◆ **EXERCISE**
Of all the lines below, return only those starting with the line holding "猫の手3号b　SFCコントローラ組み込み用送信機キット" and going on through the line holding "Foto del edificio - 17506 Bullis Gap Dr", exactly as written.

◆ **EXERCISE DATA**
++++++++

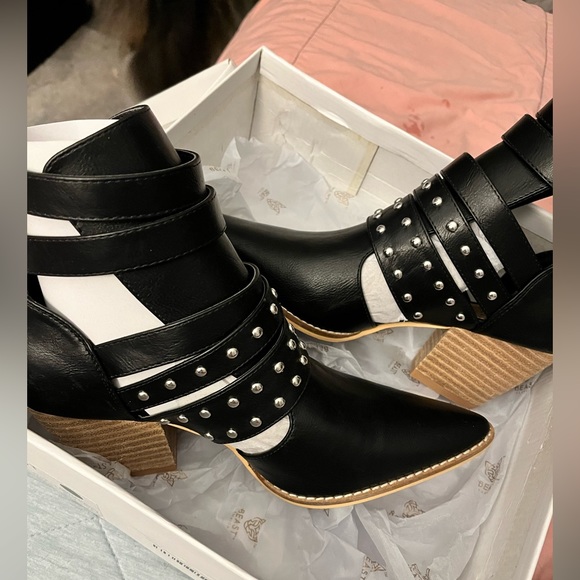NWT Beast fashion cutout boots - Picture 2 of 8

++++++++

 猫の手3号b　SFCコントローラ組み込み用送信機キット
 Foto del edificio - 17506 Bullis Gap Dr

++++++++

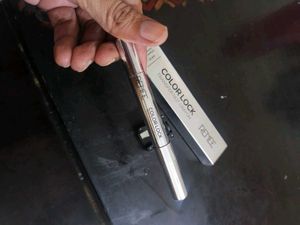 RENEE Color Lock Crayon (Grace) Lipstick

++++++++

◆ **ANSWER SPACE**
 猫の手3号b　SFCコントローラ組み込み用送信機キット
 Foto del edificio - 17506 Bullis Gap Dr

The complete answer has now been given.